DESCRIPTION OF THE TASK: Pictures in the data should be dropped; transcribe exactly the lines from the one that has "Apple iPhone 17 Pro Max 1" through the one that has "AdrianoAubert online show from 03.08.25".

DATA FOR REVIEW:
***
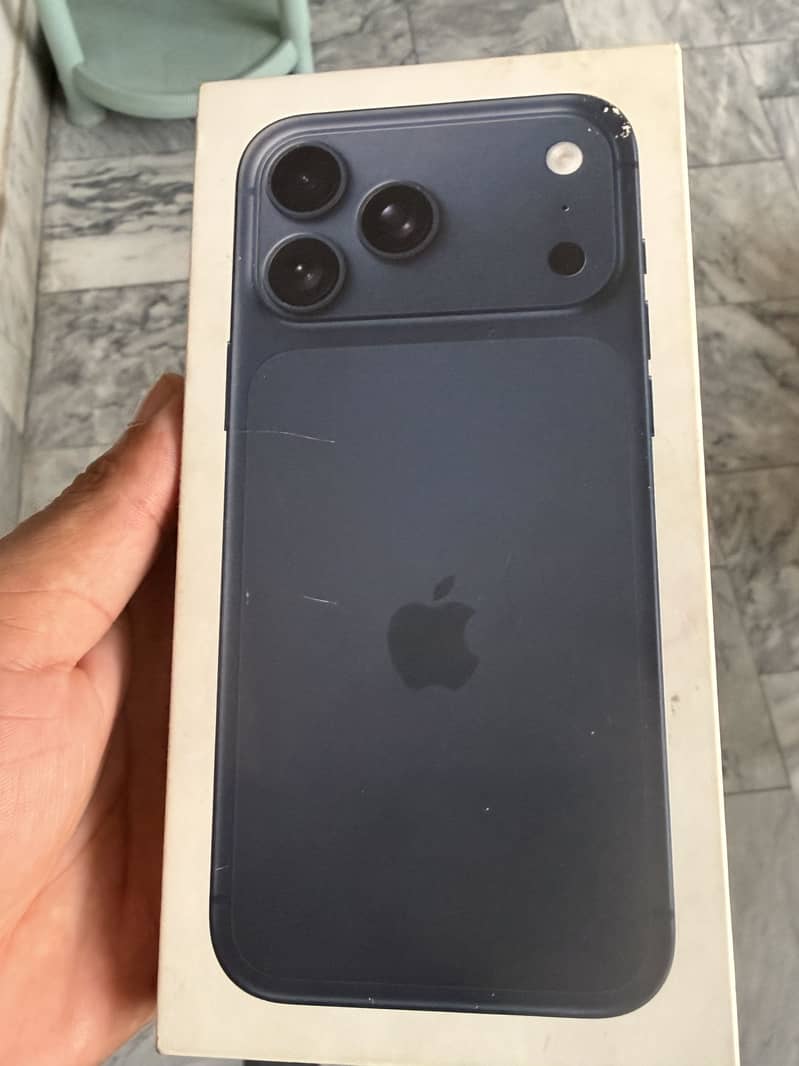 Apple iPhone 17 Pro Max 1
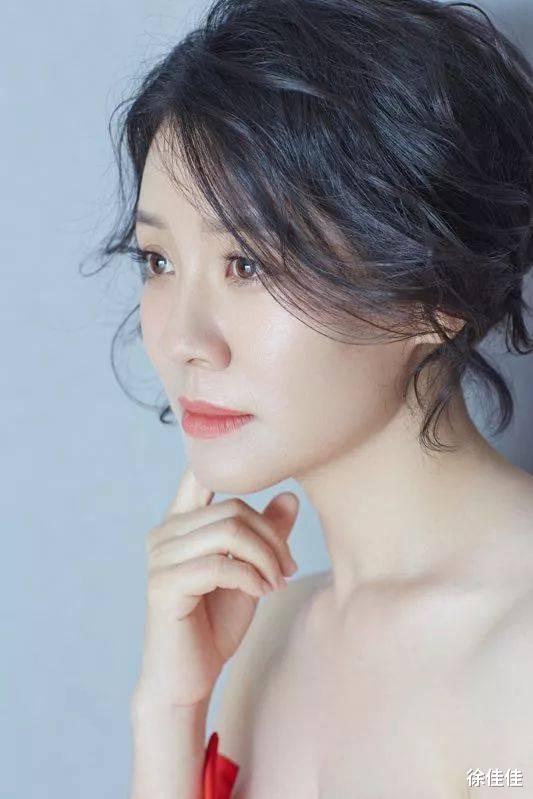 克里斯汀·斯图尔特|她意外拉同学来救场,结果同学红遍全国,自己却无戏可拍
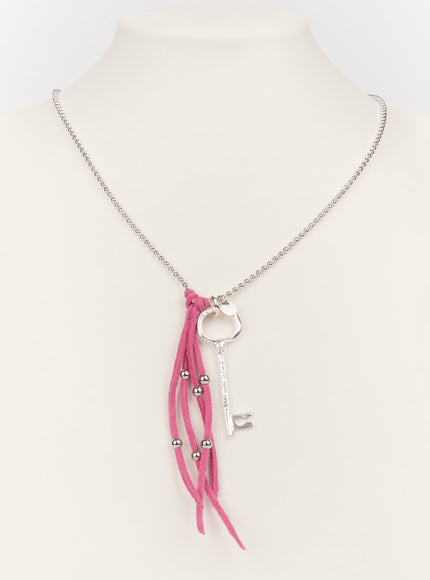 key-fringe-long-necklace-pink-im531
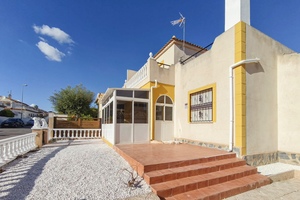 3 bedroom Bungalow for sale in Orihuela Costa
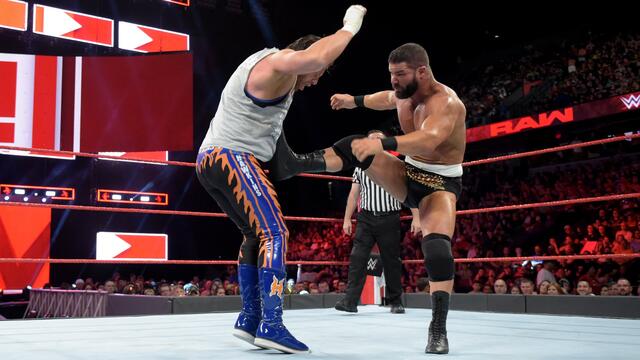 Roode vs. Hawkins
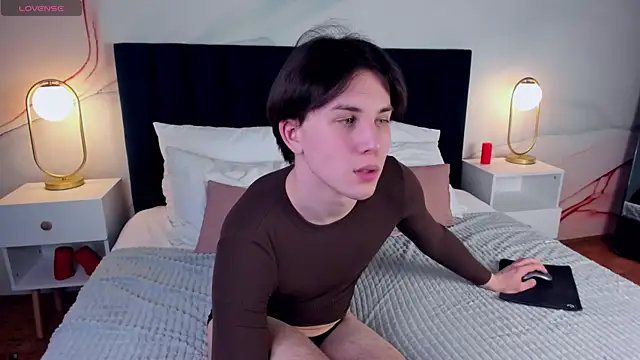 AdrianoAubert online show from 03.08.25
***
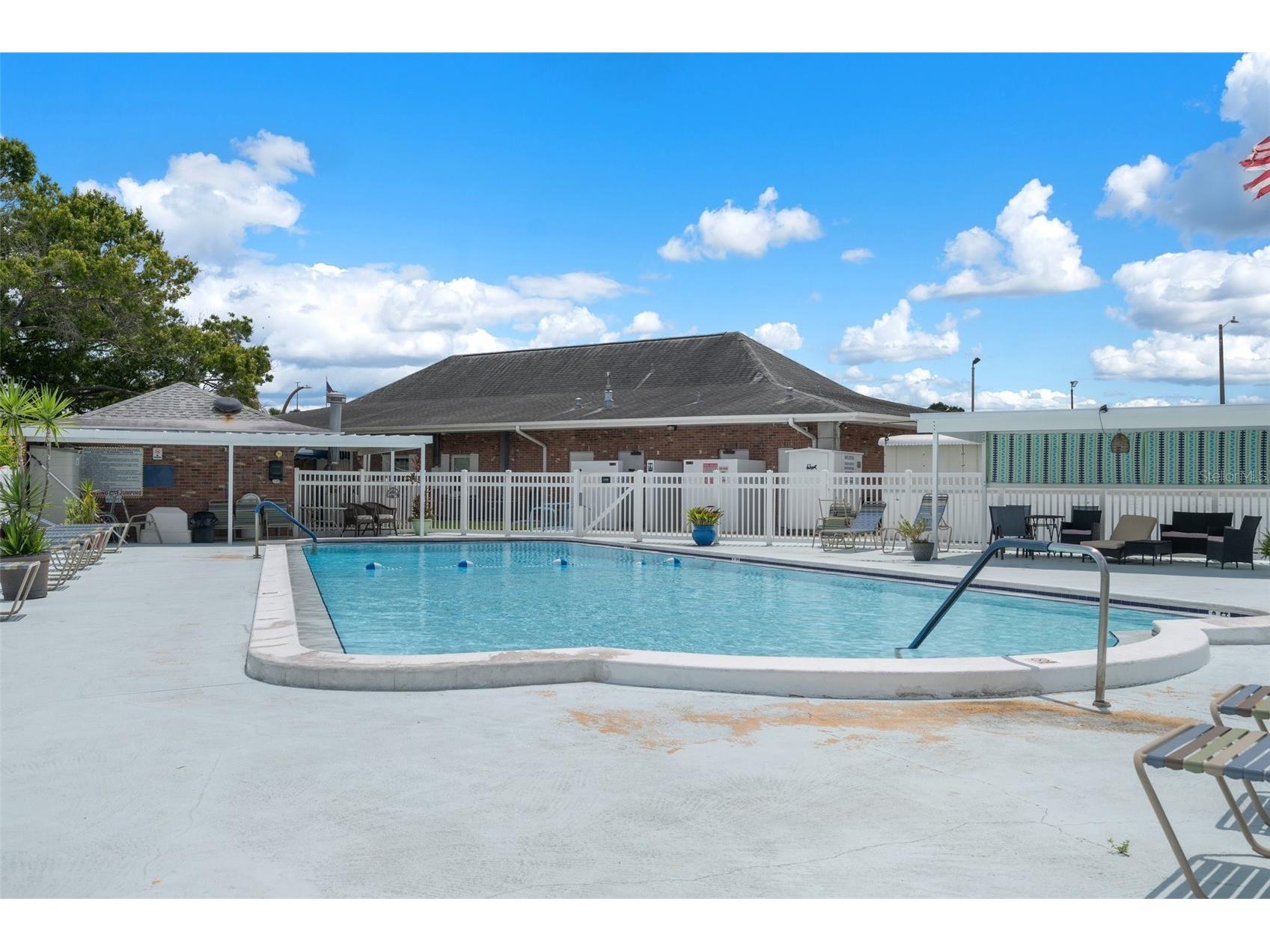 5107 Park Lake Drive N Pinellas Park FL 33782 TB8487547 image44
***
EXERCISE OUTPUT:
 Apple iPhone 17 Pro Max 1
 克里斯汀·斯图尔特|她意外拉同学来救场,结果同学红遍全国,自己却无戏可拍
 key-fringe-long-necklace-pink-im531
 3 bedroom Bungalow for sale in Orihuela Costa
 Roode vs. Hawkins
 AdrianoAubert online show from 03.08.25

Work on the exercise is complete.